[Start of section]

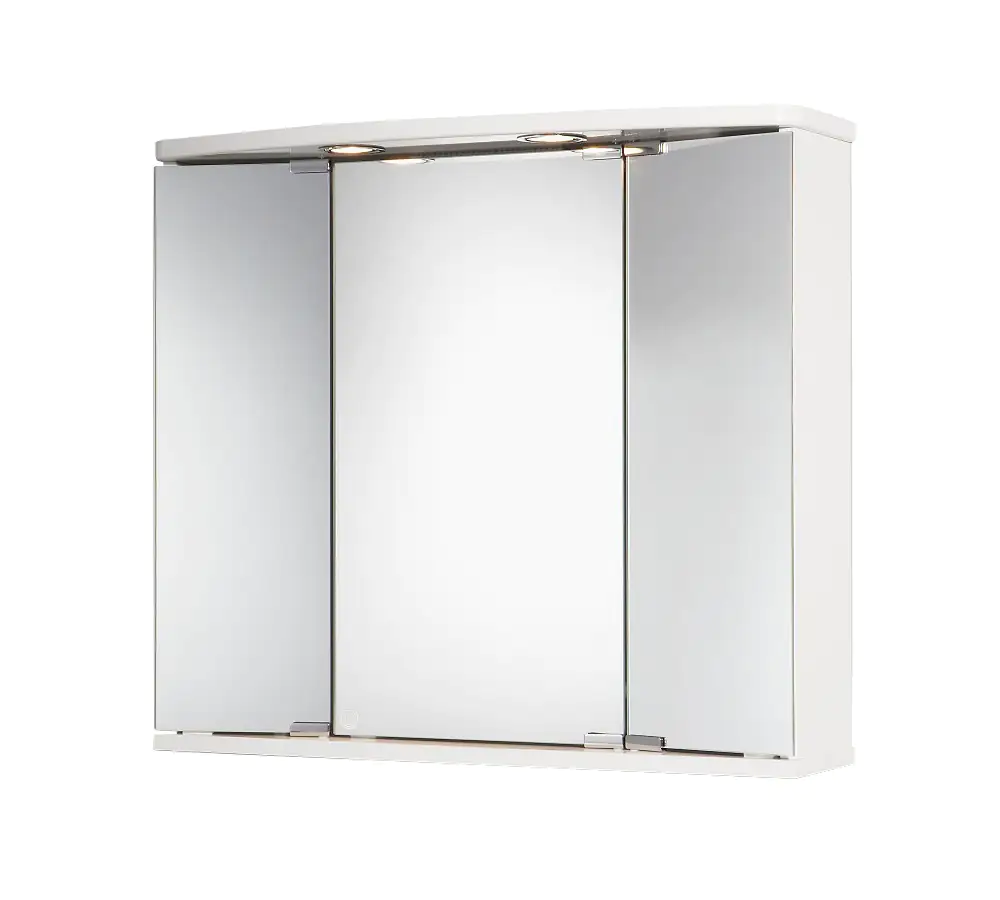 Jokey Spiegelschrank Funa LED weiß, mit Beleuchtung Jokey Spiegelschrank Funa LED weiß, mit Beleuchtung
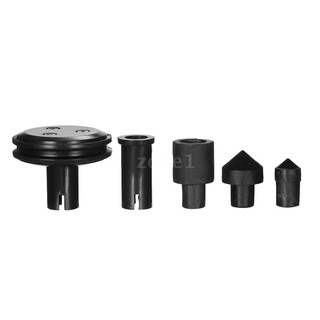 Máy đo tốc độ vòng quay kỹ thuật số 0.5 ~ 19999 RPM kèm đầu cao su và túi đựng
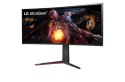 LG Curved Gaming Monitor 34GP950G-B 34 ", IPS, UW QHD, 3440 x 1440, 21:9, 1 ms, 400 cd/m², 144 Hz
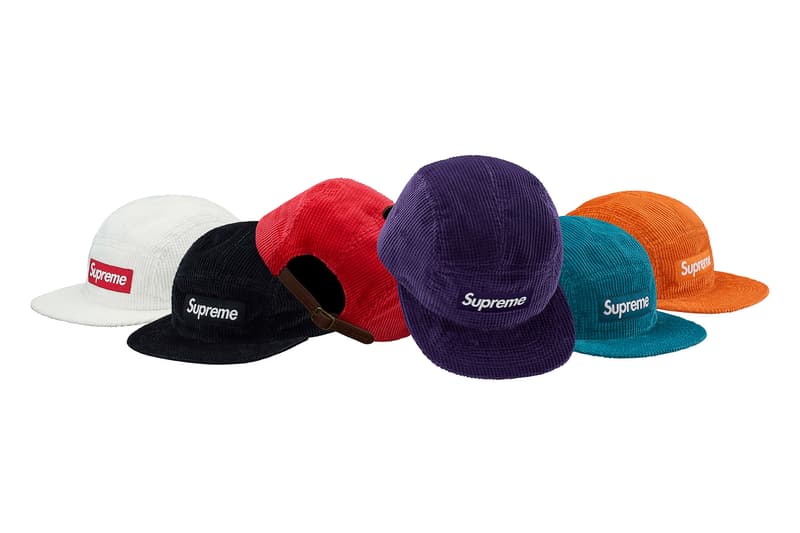 Supreme 2017年秋冬コレクション ヘッドウェア　シュプリーム　キャップ ビーニー　ニットキャップ　ボックスロゴ バケットハット ジェットキャップ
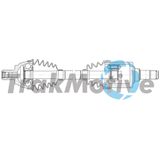 TrakMotive Drivaxel 30-3030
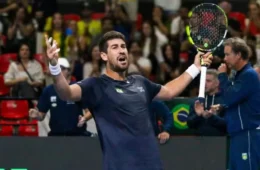 Brasil vence a Suíça por 3 a 0 e volta aos Qualifiers da Copa Davis em 2027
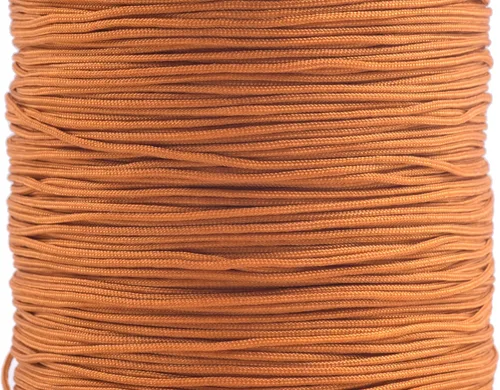 Vista 127 de KONMAY 1 rollo de cuerda de nailon de 150 yardas, trenzado de 0.016 in de nailon Shamballa Macramé/cordón de cuentas, cordón de nudo chino, cuerda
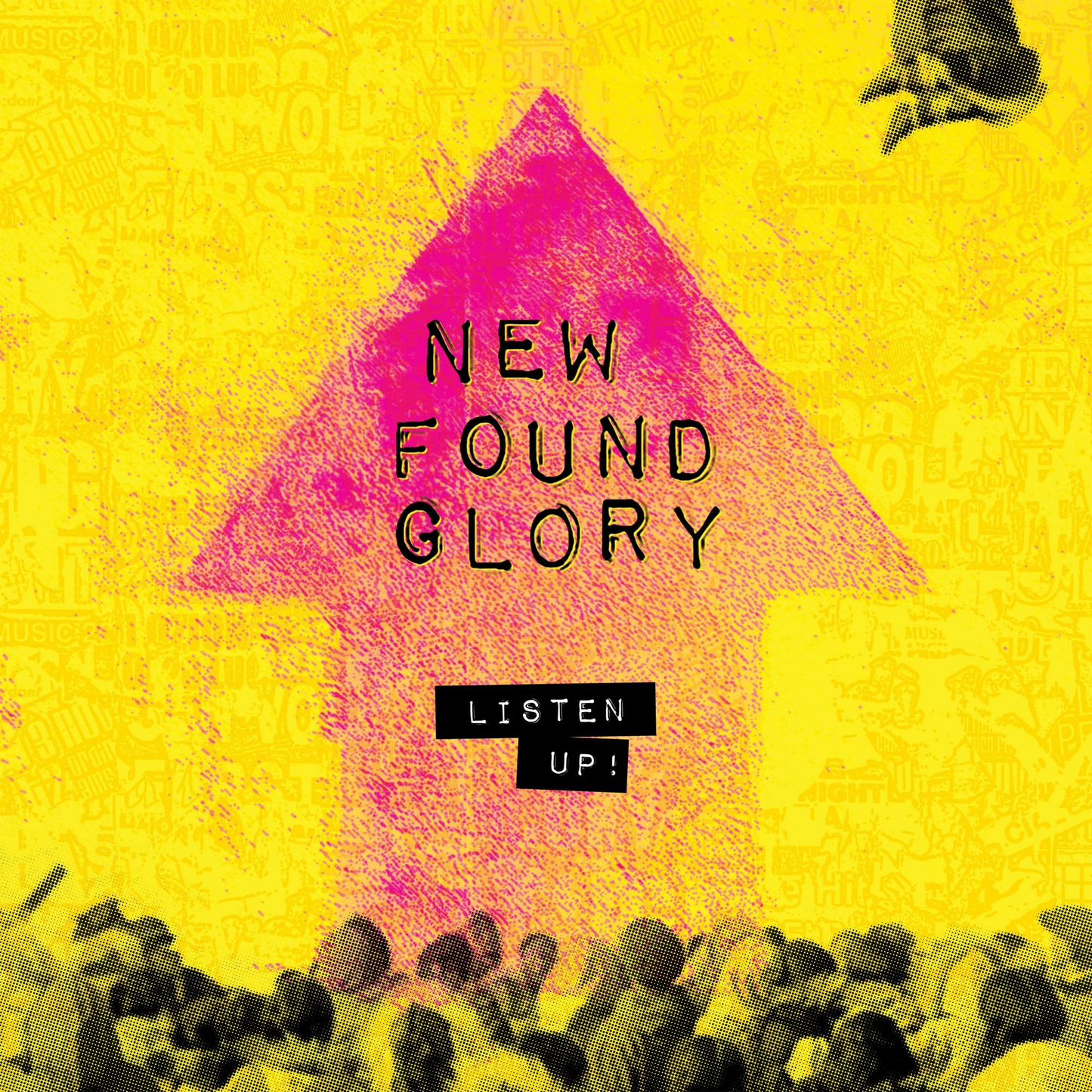 New Found Glory "Listen Up!" LP [Indie-Exclusive, Beer w/ Blood Red Splatter]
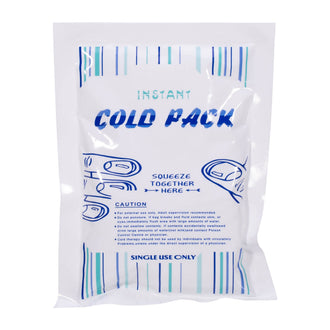 Pack de glace à usage unique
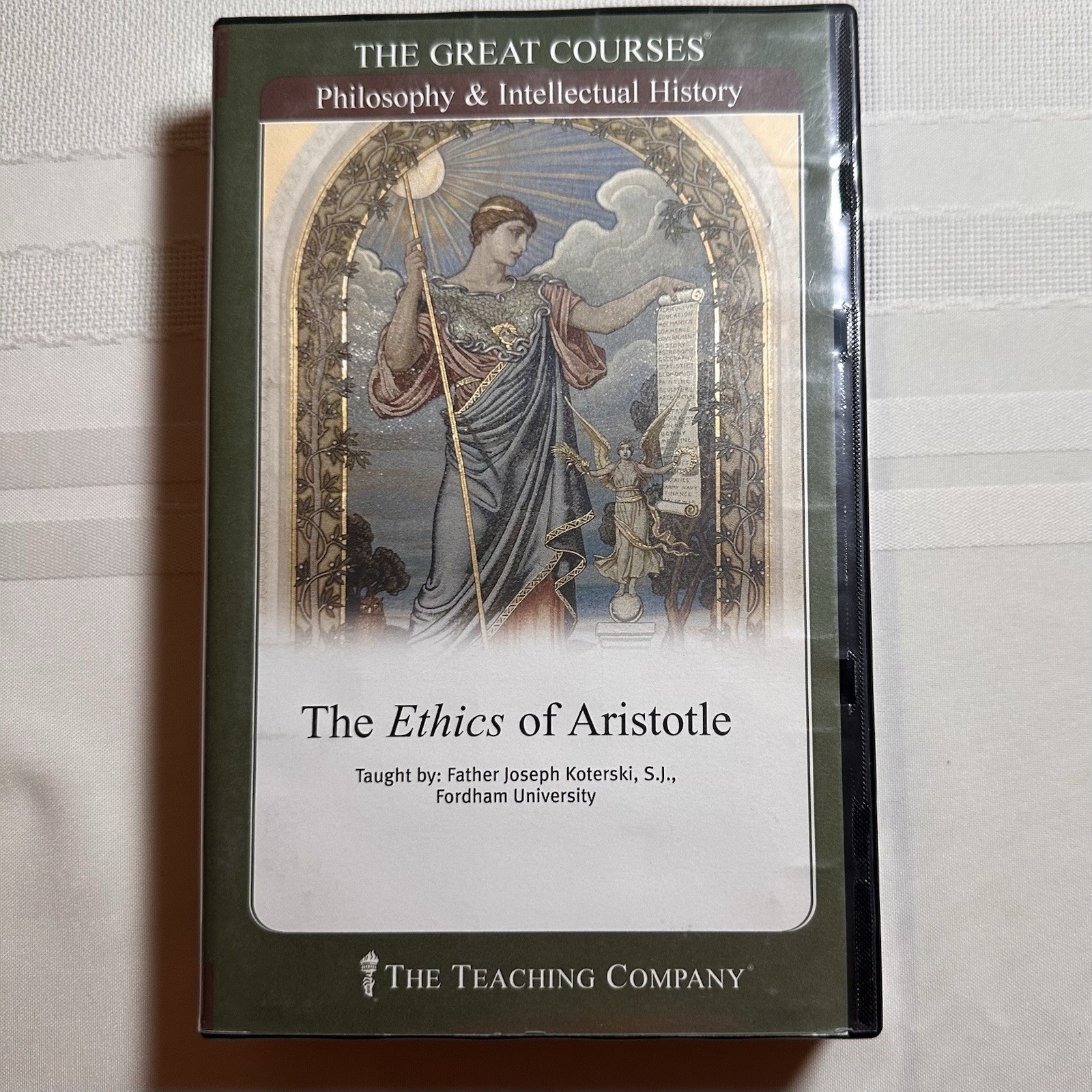 The Great Courses The Ethics Of Aristotle Cassette Set 2001 Joseph Koterski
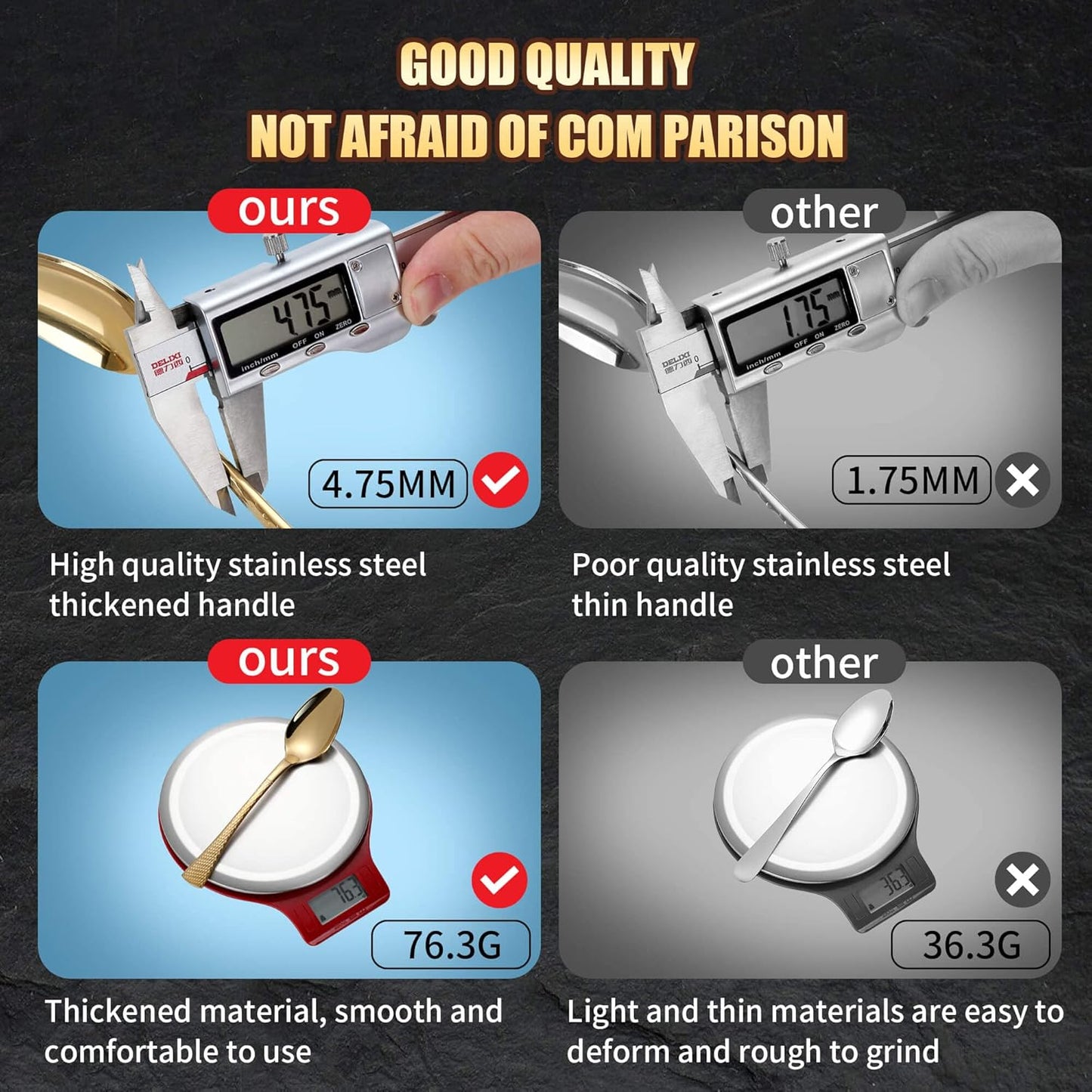 Hammered Gold Silverware Set,20 Piece Modern Flatware Set Service for 4,Mirror Polished Stainless Steel Cutlery Set Utensil Set Tableware Set,Kitchen Knives Forks Spoons Set,Dishwasher Safe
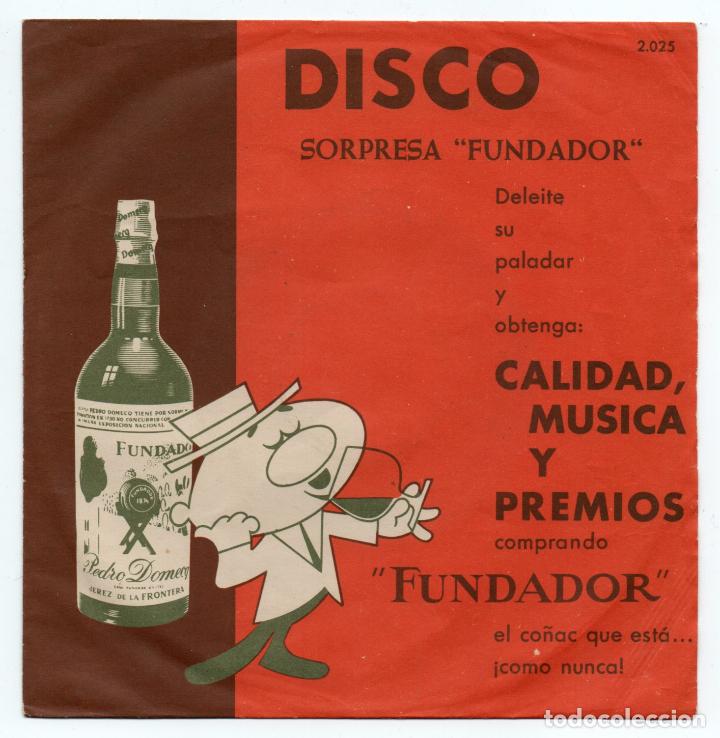 Disques de vinyle: DISCO EP 45 RPM - DISCO SORPRESA FUNDADOR (2025)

[End of section]

EXERCISE OBJECTIVE |
Leave the pictures out and reproduce every record above exactly.

EXERCISE ANSWER |
 Jokey Spiegelschrank Funa LED weiß, mit Beleuchtung Jokey Spiegelschrank Funa LED weiß, mit Beleuchtung
 Máy đo tốc độ vòng quay kỹ thuật số 0.5 ~ 19999 RPM kèm đầu cao su và túi đựng
 LG Curved Gaming Monitor 34GP950G-B 34 ", IPS, UW QHD, 3440 x 1440, 21:9, 1 ms, 400 cd/m², 144 Hz
 Supreme 2017年秋冬コレクション ヘッドウェア　シュプリーム　キャップ ビーニー　ニットキャップ　ボックスロゴ バケットハット ジェットキャップ
 TrakMotive Drivaxel 30-3030
 Brasil vence a Suíça por 3 a 0 e volta aos Qualifiers da Copa Davis em 2027
 Vista 127 de KONMAY 1 rollo de cuerda de nailon de 150 yardas, trenzado de 0.016 in de nailon Shamballa Macramé/cordón de cuentas, cordón de nudo chino, cuerda
 New Found Glory "Listen Up!" LP [Indie-Exclusive, Beer w/ Blood Red Splatter]
 Pack de glace à usage unique
 The Great Courses The Ethics Of Aristotle Cassette Set 2001 Joseph Koterski
 Hammered Gold Silverware Set,20 Piece Modern Flatware Set Service for 4,Mirror Polished Stainless Steel Cutlery Set Utensil Set Tableware Set,Kitchen Knives Forks Spoons Set,Dishwasher Safe
 Disques de vinyle: DISCO EP 45 RPM - DISCO SORPRESA FUNDADOR (2025)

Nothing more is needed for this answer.